Steigende Hitze am Arbeitsplatz

Arbeitsmediziner warnt vor Unfall- und Verletzungsgefahr aufgrund der Klimakrise

Die Hitze hat dank der globalen Klimakrise auch in Österreich vergangenen Sommer ihren Höhepunkt erreicht. Die Anzahl an Tagen mit Temperaturen über 30 oder sogar über 35 Grad Celsius ist auf Rekordwert gestiegen. Der Juli 2019 war weltweit der heißeste Juli seit Beginn der Aufzeichnungen. Körper und Psyche litten unter der Extrembelastung. Oegb.at hat Dr. Erich Pospischil, Präsident der Österreichischen Gesellschaft für Arbeitsmedizin, gefragt, was die ansteigende Hitze für die ArbeitnehmerInnen bedeutet.

Oegb.at: Wie wirkt sich die extreme Hitze auf die Gesundheit der ArbeitnehmerInnen aus?

Pospischil: „Die große Hitze am Arbeitsplatz, oft noch kombiniert mit körperlicher Arbeit oder Schutzkleidung führt zu Dehydrierung, erhöhter Körpertemperatur und verstärkter Herz-Kreislauf-Belastung. Die Konzentrationsfähigkeit nimmt ab und die Leistungsfähigkeit ist stark eingeschränkt. Neben Schwindel, Kopfschmerzen, Verwirrtheit und Übelkeit, können auch Schwächeanfälle oder im schlimmsten Fall ein Kreislaufkollaps oder sogar ein Herzinfarkt eintreten.

Das betrifft sowohl Arbeitsplätze in Innenräumen, als auch das Arbeiten im Freien. Bei Arbeiten im Freien kann es aufgrund der direkten Sonneneinstrahlung zu einer lokalen Überhitzung des Gehirns und in weiterer Folge zu einem Sonnenstich kommen. Dazu kommt die UV-Strahlung, die Sonnenbrand oder im schlimmsten Fall langfristig auch Hautkrebs verursachen kann.

Bei großer Hitze ist selbst der nächtliche Schlaf wenig erholsam und man fühlt sich ständig müde und ausgelaugt. Vor allem gesundheitlich vorbelastetet oder ältere Personen machen sich Sorgen, wie sie die nächste Hitzewelle unbeschadet überstehen sollen. Das sorgt für Stress und löst auch Ängste bei den Betroffenen aus.

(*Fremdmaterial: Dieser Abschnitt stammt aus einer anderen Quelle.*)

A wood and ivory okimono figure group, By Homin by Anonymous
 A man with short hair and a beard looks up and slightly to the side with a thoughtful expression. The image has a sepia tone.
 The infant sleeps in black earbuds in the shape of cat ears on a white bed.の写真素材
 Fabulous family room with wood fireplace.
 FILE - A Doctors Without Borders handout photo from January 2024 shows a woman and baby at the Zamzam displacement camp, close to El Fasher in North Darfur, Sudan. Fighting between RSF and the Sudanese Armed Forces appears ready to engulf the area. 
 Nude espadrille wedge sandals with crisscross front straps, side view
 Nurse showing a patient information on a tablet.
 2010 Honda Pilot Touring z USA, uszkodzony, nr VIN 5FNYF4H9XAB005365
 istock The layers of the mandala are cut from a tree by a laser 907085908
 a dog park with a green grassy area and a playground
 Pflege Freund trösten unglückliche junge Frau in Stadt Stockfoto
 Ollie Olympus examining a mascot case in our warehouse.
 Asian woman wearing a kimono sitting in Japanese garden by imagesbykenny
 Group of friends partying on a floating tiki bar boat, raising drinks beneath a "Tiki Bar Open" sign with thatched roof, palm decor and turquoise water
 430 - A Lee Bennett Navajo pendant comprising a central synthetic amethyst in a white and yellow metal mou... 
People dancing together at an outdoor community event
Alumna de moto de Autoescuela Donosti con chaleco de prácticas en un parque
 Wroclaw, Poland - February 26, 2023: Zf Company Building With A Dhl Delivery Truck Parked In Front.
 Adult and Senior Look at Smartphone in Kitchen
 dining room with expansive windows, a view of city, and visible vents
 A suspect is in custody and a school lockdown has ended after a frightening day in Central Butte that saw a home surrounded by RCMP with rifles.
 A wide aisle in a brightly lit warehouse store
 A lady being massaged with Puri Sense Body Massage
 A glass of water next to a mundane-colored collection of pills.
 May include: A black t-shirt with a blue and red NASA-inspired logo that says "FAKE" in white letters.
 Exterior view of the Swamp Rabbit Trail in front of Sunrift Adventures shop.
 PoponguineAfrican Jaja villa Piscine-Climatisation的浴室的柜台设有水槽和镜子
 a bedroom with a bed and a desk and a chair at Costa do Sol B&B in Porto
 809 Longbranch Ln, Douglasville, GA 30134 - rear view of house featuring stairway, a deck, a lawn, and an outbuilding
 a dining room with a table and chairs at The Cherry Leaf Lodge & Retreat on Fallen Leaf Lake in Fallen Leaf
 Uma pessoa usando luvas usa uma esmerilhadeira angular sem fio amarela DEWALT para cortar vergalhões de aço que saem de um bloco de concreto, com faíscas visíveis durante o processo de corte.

Oegb.at: Steigt dadurch auch die Unfall- und Verletzungsgefahr am Arbeitsplatz?

Pospischil: Durch die körperliche Überhitzung und den Flüssigkeitsmangel, der durch starkes Schwitzen entsteht, sinkt die kognitive Hirnleistung. Die Konzentration und auch die Reaktionsgeschwindigkeit reduzieren sich, die Fehlerhäufigkeit nimmt zu. Dadurch steigt das Risiko der Verletzungs- und Unfallgefahr.

Aktuelle Daten der AUVA unterstreichen das: Die meisten Arbeitsunfälle passieren bei größter Hitze in den Sommermonaten Juli und August. Am Bau zeigt sich das besonders deutlich, da kam es diesen Sommer sogar schon zu einem hitzebedingten Todesfall. Vor allem ab acht Arbeitsstunden nimmt die Häufigkeit und Schwere der Unfälle bei Temperaturen über 30 Grad Celsius zu.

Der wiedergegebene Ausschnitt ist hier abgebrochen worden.